De Passage – a motionless journey between here and elsewhere

The photographic exhibition De Passage , presented at Espace 7 (7 rue Saint-Sabin, Paris 75011) from April 18 to 25, 2025, brings two sensitive worlds into dialogue. Longtime friends Wendel Nazaire and Everdy Ndombaxe conceived this series together as a “still journey,” an exploration of the inner home made visible by their complicit gaze. Their photographs form a common corpus in which their sensibilities intertwine: Wendel works in color, Everdy in black and white. Together, they weave the portrait of a creative friendship, the echo of which can be felt in each image.

Temporality, movement and memory

Each photograph in De Passage seems to capture a fleeting fragment of life. The subjects are often blurred or captured on the spot, as if caught on the doorstep between two places or two moments. This staging gives the exhibition an atmosphere that is both gentle and uncertain, somewhere between silent contemplation and slipping memory. The visitor feels the fluidity of time: each image invites us to meditate on the present moment. As photographer Stephen Wilkes notes, photography can “condense time into a single image” ​nationalgeographic.fr . Here, each snapshot stolen from time suspends the moment, borrowing from the gaze that of the silent witness of “time passing.” Ultimately, the images together create a feeling of crossing: each photo acts as a bridge between a starting point and a place of arrival, taking the gaze on an intimate journey between past and present.

Diasporic Identity and the Search for Home

Beyond movement, De Passage powerfully explores the question of diasporic identity and the quest for “home.” Wendel Nazaire and Everdy Ndombaxe each embody a dual belonging: their personal journeys are marked by exile and the search for a connection with their distant roots, while being anchored in the Parisian present. As the Musée de l’Immigration reminds us, the diaspora refers to “populations driven from their country” who “refer to a lost territory, the starting point of a life punctuated by mobility” ​histoire-immigration.fr . The photographers illustrate this idea by mixing the here and the elsewhere in their images. Sometimes, we find, implicitly, a familiar architectural motif or a detail of everyday life inherited from another culture – all signs that home can be rebuilt beyond borders. Each shot superimposes the immediate and the distant, translating the complexity of an identity woven from several worlds. In this diasporic depth, the photographs evoke not only the story of a journey or the solitude of the uprooted, but also the story of a return and a reinvented reunion. It is the trace of a shared journey and a cultural plurality that shines through in the two artists' view of the world.

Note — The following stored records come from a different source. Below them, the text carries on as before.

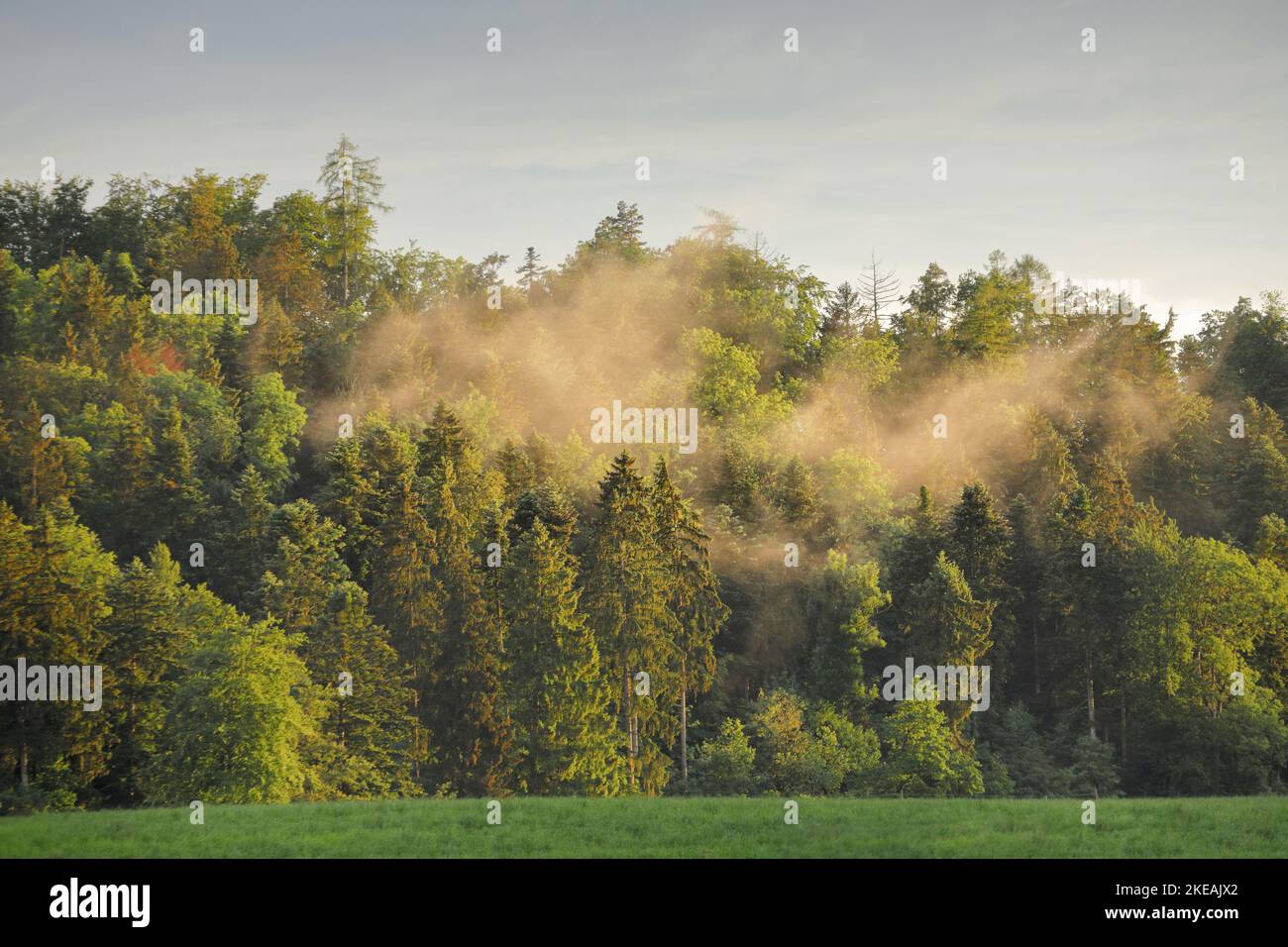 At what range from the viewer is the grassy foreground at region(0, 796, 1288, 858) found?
123 feet

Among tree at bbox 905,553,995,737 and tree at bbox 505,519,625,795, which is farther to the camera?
tree at bbox 905,553,995,737

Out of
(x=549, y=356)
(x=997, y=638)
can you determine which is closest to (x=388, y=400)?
(x=549, y=356)

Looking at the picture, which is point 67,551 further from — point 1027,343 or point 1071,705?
point 1027,343

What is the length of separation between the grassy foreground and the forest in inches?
739

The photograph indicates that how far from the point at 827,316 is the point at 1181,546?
43737 mm

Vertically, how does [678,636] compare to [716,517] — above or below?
below

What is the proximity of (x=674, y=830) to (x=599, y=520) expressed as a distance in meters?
34.9

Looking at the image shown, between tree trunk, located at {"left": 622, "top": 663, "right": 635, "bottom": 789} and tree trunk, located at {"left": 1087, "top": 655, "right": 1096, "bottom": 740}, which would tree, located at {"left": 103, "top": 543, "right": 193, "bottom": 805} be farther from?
tree trunk, located at {"left": 1087, "top": 655, "right": 1096, "bottom": 740}

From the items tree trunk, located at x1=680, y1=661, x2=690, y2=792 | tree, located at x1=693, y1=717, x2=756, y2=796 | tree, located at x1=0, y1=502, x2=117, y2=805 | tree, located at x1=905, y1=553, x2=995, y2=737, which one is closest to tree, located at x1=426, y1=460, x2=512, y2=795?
tree trunk, located at x1=680, y1=661, x2=690, y2=792

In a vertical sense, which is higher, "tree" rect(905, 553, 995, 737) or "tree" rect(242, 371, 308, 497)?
"tree" rect(242, 371, 308, 497)

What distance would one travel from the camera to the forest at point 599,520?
68562 millimetres

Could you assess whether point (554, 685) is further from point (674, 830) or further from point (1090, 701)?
point (1090, 701)

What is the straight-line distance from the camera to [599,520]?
7331cm

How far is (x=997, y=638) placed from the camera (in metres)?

Artistic complicity and visual conversation

The complicity between Wendel Nazaire and Everdy Ndombaxe shines through in every image. Friends in life, they have built this exhibition together like a two-voice conversation. Each expresses their own universe, and their works respond to each other as if in a silent dialogue: Wendel's colorful vivacity begins the same stories as Everdy's black and white gravity. This contrast is not accidental: on the one hand, Wendel's rich and warm palette captures the energy of the present and the light of everyday life; on the other, Everdy's black and white exudes a gentle melancholy, like the memory of an ancient world. Their collective gamble makes sense: these two complementary perspectives illustrate the same idea of passage and memory. The juxtaposition of the images then creates a kind of visual music, where each photo responds to the previous one. This mirroring of styles—color against monochrome, brightness against shadow—enriches the emotional scope of De Passage . Ultimately, beyond the themes explored, it is the friendship between the two artists that holds this joint work together. Through their trust and mutual listening, they offer the visitor an intimate, moving, and luminous photographic journey.


To extend the experience, the worlds of Wendel Nazaire and Everdy Ndombaxe can be discovered on Instagram.

instagram.com/wendelnazaire

instagram.com/everdyluvy


Sources: Contemporary analyses highlight that photography can “condense time into a single image” ​nationalgeographic.fr and that diaspora refers to a “lost territory, the starting point of a life punctuated by mobility” ​histoire-immigration.fr , notions that shed light on the works of De Passage . These quotes allow us to situate the approach of the two photographers in a broader context of memory and cultural identity.